◆ **Data segment**
▽
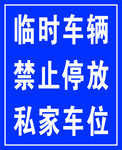 立牌  座牌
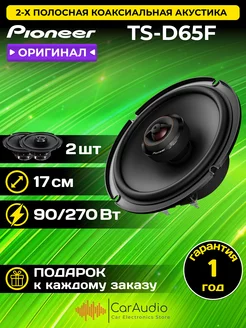 Коаксиальная акустическая система TS-D65F Pioneer 211808485 купить за 10 916 ₽ в интернет-магазине Wildberries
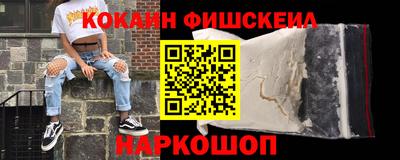 мет Лесосибирск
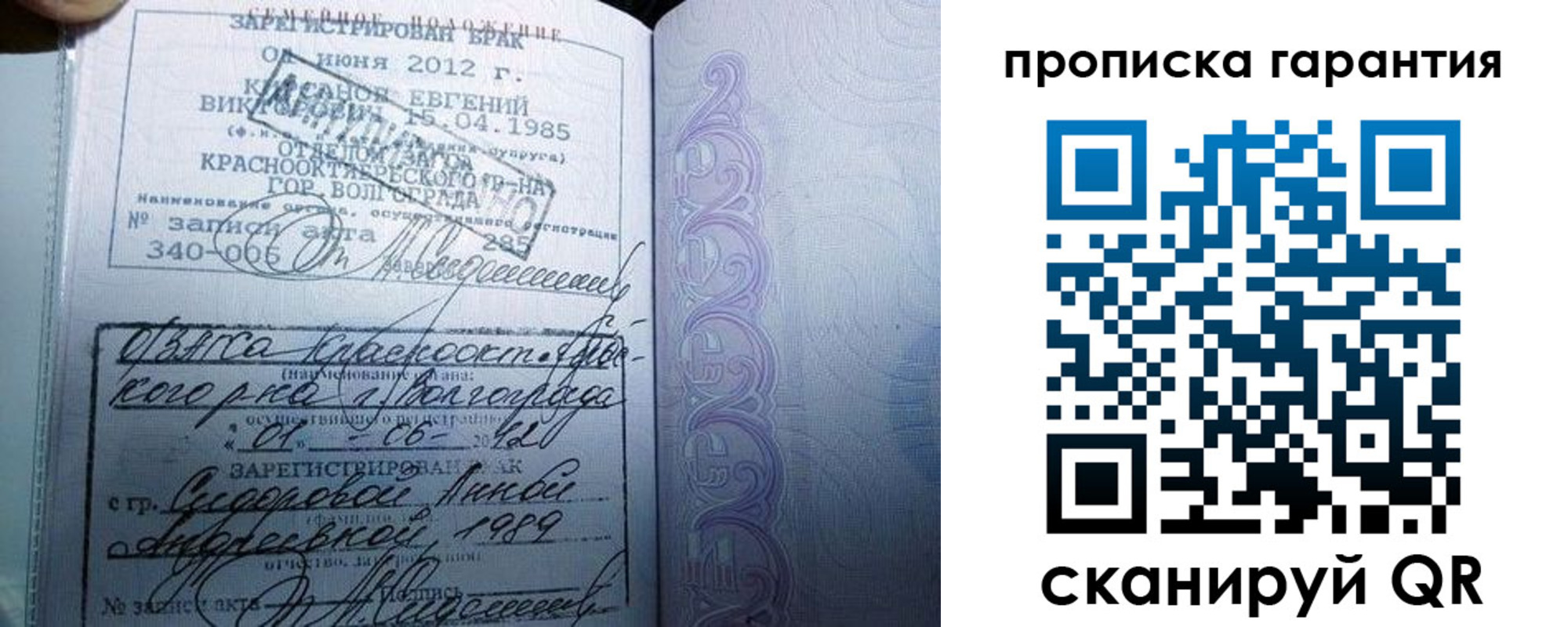 прописка в Горячем Ключе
△
The whole listing above, word for word: repeat it with the pictures excluded.

 立牌  座牌
 Коаксиальная акустическая система TS-D65F Pioneer 211808485 купить за 10 916 ₽ в интернет-магазине Wildberries
 мет Лесосибирск
 прописка в Горячем Ключе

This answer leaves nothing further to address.